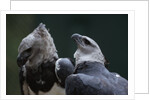 Male and Female Harpy Eagles by Anonymous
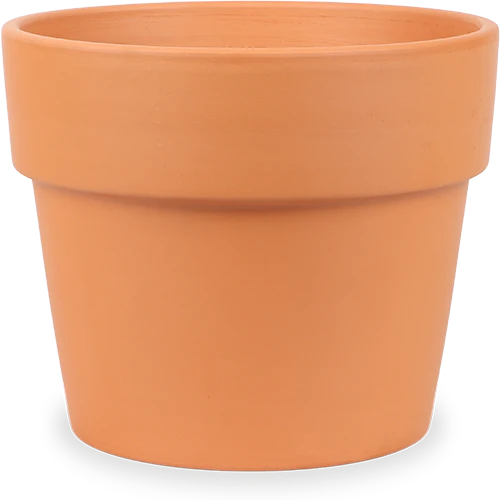 Mae (15cm)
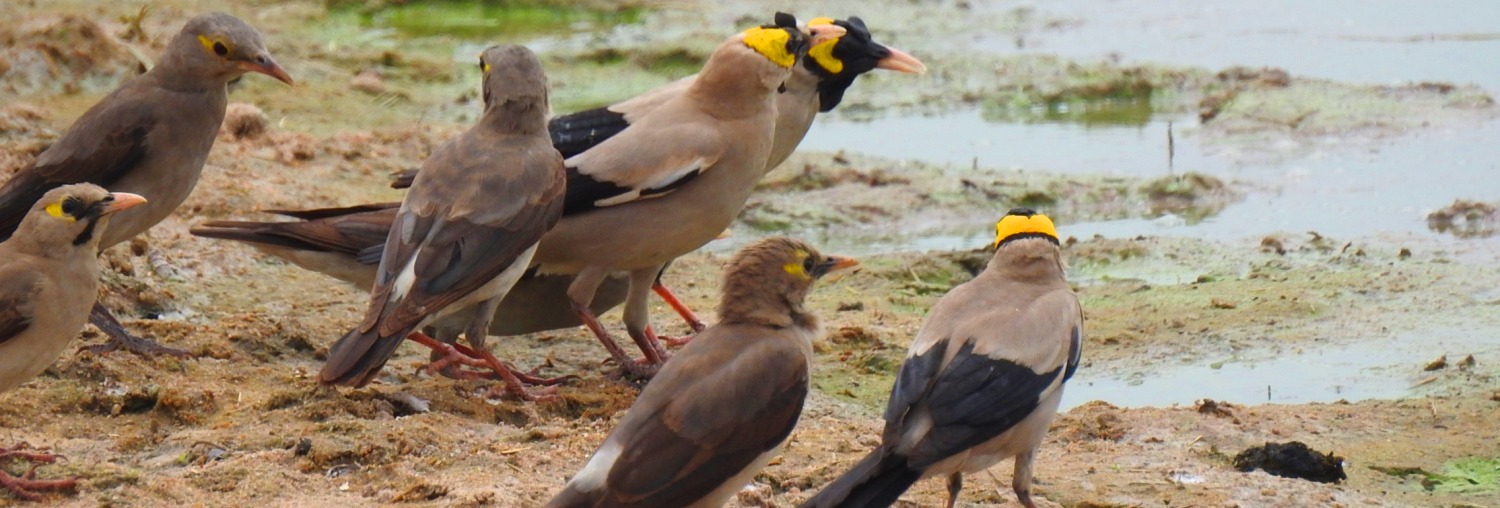 Tanzania Bird Watching Safaris
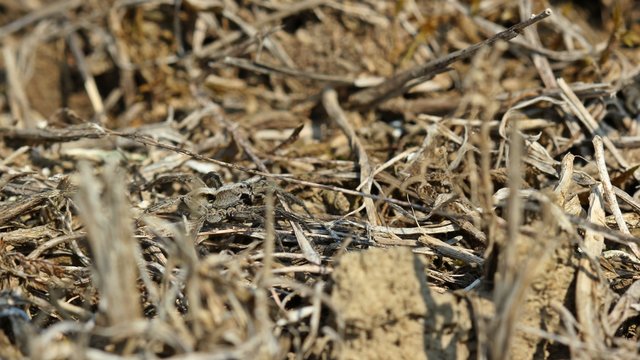 Wolfspinne Alopecosa sp.-Weibchen (Lycosidae) am D&ouml;rnberg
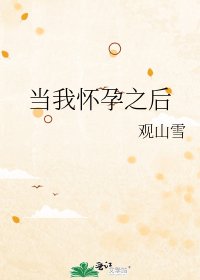 《当我怀孕之后》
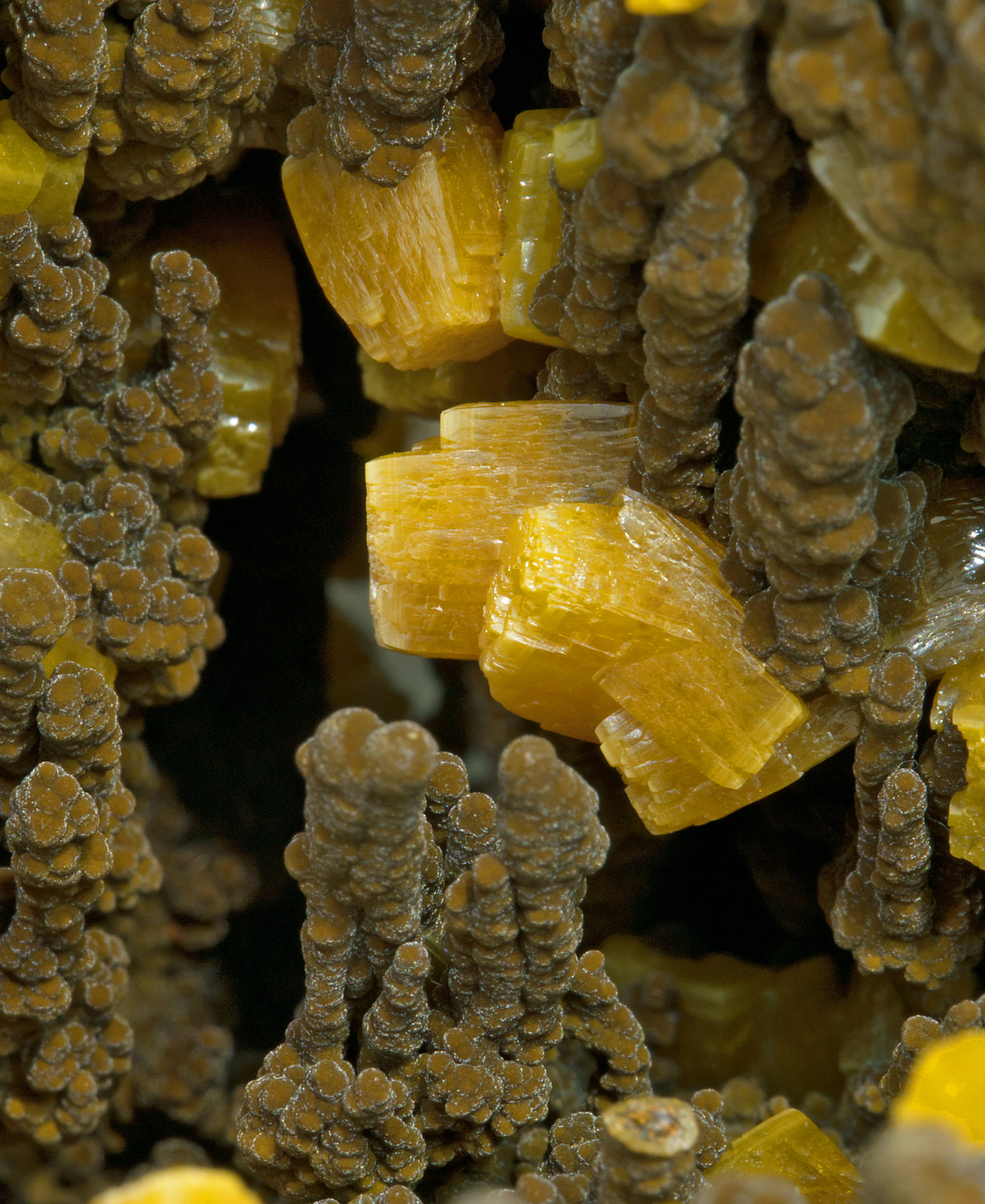 specimens/s_imagesX6/Wulfenite-TA87X6d.jpg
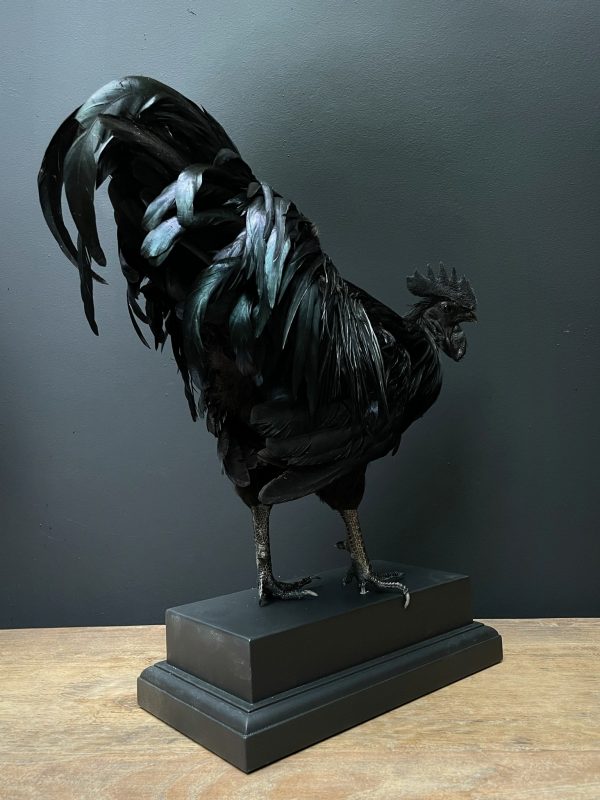 Opgezette haan (Ayam Cemani)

· · · ·

▶ What you need to do: Should the entries hold any pictures, please omit those and print the remaining text exactly.

▶ Solution to this problem:
 Male and Female Harpy Eagles by Anonymous
 Mae (15cm)
 Tanzania Bird Watching Safaris
 Wolfspinne Alopecosa sp.-Weibchen (Lycosidae) am D&ouml;rnberg
 《当我怀孕之后》
 specimens/s_imagesX6/Wulfenite-TA87X6d.jpg
 Opgezette haan (Ayam Cemani)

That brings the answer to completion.